CENTRAL NEW YORK – It took 14 games and yet another foray into extra innings, but someone finally got the best of the Bishop Ludden baseball team.
The Gaelic Knights’ win streak ended last Monday in a 4-3, eight-inning defeat to Tully, who jumped out early, stayed calm when Ludden rallied and then got the hit it needed to pull it out.
Ludden was playing its sixth game in seven days, having won the first five but having to go 11 innings against then-unbeaten Pulaski and eight innings with Bishop Grimes on May 4.
Despite giving up two runs in the first inning and another run in the second, Jimmy Westers stayed on the pitcher’s round the rest of the way, accumulating eight strikeouts and only giving up five hits.
The Gaelic Knights tied it, 3-3, by the end of the fourth, Mike Masterpoole and Andrew Pullano earning RBIs, but the Black Knights got four shutout innings in relief from Oscar Breitzka,
including a scoreless eighth after Tully went back in front on Nate Melton’s single in the top of the eighth that plated Willie Lund.
Now that it didn’t have to defend an undefeated mark and could just focus on the rest of the season, Ludden started to do so a day later, rebounding with a 10-4 win over Cato-Meridian.
A 3-0 lead vanished when the Blue Devils scored four times in the top of the fourth off Tim Dunham, but the Gaelic Knights answered with a four-run rally of its own in the bottom of the fourth and never got caught.
Joe Dunham dominated at the plate, his double and two singles leading to five RBIs.

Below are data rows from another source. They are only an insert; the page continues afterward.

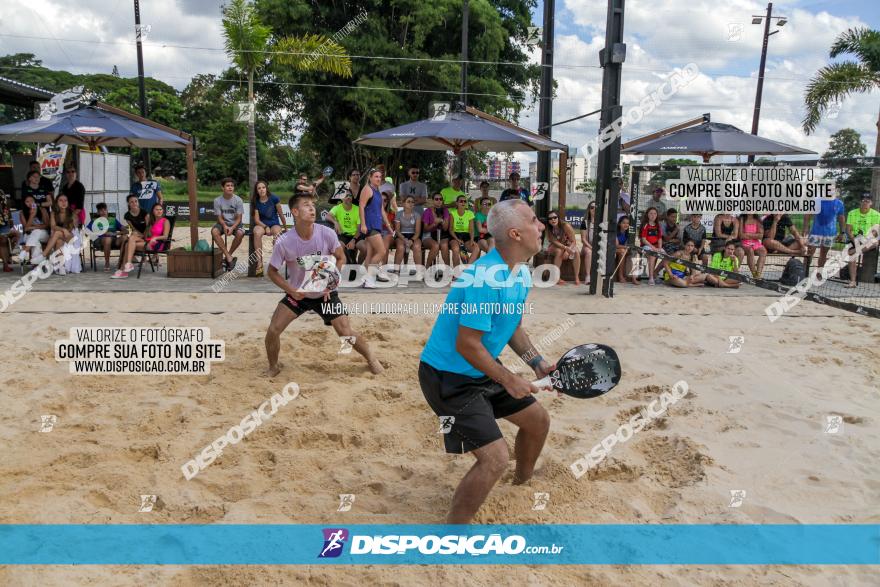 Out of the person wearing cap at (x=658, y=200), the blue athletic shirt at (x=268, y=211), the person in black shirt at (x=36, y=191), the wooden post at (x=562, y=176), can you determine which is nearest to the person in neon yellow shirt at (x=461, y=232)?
the wooden post at (x=562, y=176)

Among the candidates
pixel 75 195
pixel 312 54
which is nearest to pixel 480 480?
pixel 75 195

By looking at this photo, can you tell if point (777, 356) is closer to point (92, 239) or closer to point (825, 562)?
point (825, 562)

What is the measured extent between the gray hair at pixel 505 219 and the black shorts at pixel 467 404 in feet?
2.33

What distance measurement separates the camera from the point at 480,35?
2431 centimetres

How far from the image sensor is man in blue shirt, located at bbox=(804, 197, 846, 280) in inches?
430

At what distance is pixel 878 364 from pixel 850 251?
6.20 meters

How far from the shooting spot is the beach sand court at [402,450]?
2895 mm

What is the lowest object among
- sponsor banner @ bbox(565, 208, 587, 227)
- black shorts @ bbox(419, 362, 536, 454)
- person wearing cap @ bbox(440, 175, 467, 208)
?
black shorts @ bbox(419, 362, 536, 454)

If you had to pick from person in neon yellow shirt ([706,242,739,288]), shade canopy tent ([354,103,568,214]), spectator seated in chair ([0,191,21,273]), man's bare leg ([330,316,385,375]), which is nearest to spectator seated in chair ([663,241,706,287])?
person in neon yellow shirt ([706,242,739,288])

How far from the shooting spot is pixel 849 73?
64.8ft

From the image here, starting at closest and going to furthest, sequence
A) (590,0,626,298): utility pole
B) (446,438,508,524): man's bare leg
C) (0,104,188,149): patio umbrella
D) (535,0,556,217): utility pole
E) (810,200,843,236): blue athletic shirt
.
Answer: (446,438,508,524): man's bare leg, (590,0,626,298): utility pole, (0,104,188,149): patio umbrella, (810,200,843,236): blue athletic shirt, (535,0,556,217): utility pole

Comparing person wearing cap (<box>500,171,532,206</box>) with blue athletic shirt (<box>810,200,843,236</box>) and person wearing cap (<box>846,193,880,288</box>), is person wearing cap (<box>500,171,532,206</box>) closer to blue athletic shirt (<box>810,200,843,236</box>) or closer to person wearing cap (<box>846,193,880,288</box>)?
blue athletic shirt (<box>810,200,843,236</box>)

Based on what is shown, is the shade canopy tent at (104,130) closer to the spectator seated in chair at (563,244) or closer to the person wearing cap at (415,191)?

Colden Sheen drove in two runs, with Pullano and Masterpole earning three hits apiece as Tim Dunham drove in two run and pitched a complete game, striking out seven.
Then came Thursday’s rematch with Tully, and while it was again a close one, Ludden prevailed 4-2 over the Black Knights to salvage a series split.
Two first-inning runs got the Gaelic Knights in front, but it needed a two-run fifth to account for its winning margin, and Joe Dunham was the central figure.
Dunham pitched a complete game, striking out 11 to overcome four hits and three walks. He also had two hits and scored twice as Masterpole singled twice, walked and earned two RBIs. Pullano scored the other two runs.
West Genesee suffered its own setback last Monday when it took a 3-2 defeat to the same Liverpool side it beat 9-2 on the road just three days earlier.
Single runs by the Warriors in the first, third and fourth innings built up a 3-0 advantage. WG battled back, scoring in the fourth and fifth innings, but Liverpool pitcher Nate Benjamin blanked the Wildcats the rest of the way, overcoming the Wildcats’ nine hits by striking out six.
Then WG fell to Cicero-North Syracuse 9-4 on Thursday at the Gillette Road complex, a game that was 2-2 until the Northstars batted around in the bottom of the fifth and netted six runs, chasing starter Colin Crinnin. The Wildcats had just four hits, one each by Jason Clifton, Luke Alfieri, Zach Elinich and Gerard Shattell.
This skid ended with Saturday’s 4-0 shutout of Whitesboro in a possible playoff preview as Landyn Shaw was close to flawless, limiting the opposition to three hits and two walks while recording eight strikeouts.
A third-inning RBI single by Nick Meluni was all Shaw needed, but Meluni returned in the bottom of the fourth and, with a two-run single, ultimately put Whitesboro away, improving the Wildcats’ overall record to 11-7.
Jordan-Elbridge had its own game with Pulaski last Monday and, despite solid pitching, lost, 5-1, to the Blue Devils, but was able to rebound a day later to beat Mater Dei Academy 9-2 before a narrow 5-4 defeat to Tully on Wednesday afternoon where it led 4-3 after a three-run fifth, only to see the Black Knights score twice in the bottom of the sixth and pull it out.